Scottish prescriptions for Morning After Pill soar

Prescriptions for the morning-after pill have trebled in just three years in Scotland after pharmacists began giving the drug out to girls as young as 13.

New figures show more than 2,300 morning-after pills (MAPs), which can cause an early stage abortion, were handed out in Scotland every week last year.

Norman Wells, Director of the Family Education Trust, warned that the easy availability of the MAP is having a “damaging social effect, by lulling young people into a false sense of security”.

Around 40,000 MAPs were prescribed in 2007-8 but following a change in 2008 which allowed community pharmacists to give them out, prescriptions jumped to around 120,000 in 2010-11.
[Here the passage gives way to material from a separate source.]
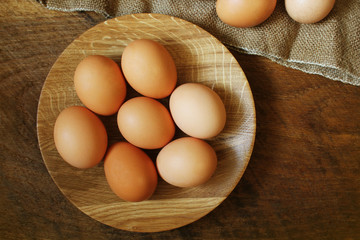 Easter background. Rustic wooden table with plate, egg, jute bag . Top view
The figures come from research carried out for the Scottish Government. The research also found some NHS and pharmacy staff were calling for an end to Christian pharmacists’ right to decline giving out the MAP.

Mr Wells said: “Research shows that making the morning-after pill more readily available doesn’t make the slightest difference to unintended pregnancy and abortion rates.

“The easy availability of the morning-after pill is having a damaging social effect, by lulling young people into a false sense of security and exposing them to a higher risk of sexually transmitted infections.”

In February a report found that handing out free MAPs to teenage girls in England did nothing to reduce teen pregnancies and may have led to an increase in the rate of sexually transmitted infections (STIs).

The study compared areas of England where the MAP was handed out free of charge with others that either declined to introduce the scheme, or did so at a later date.

The study, by Professor David Paton and Professor Sourafel Girma, found that rates of pregnancy among teenage girls remained the same, but the STI rate increased by five per cent in areas where the MAP was available for free.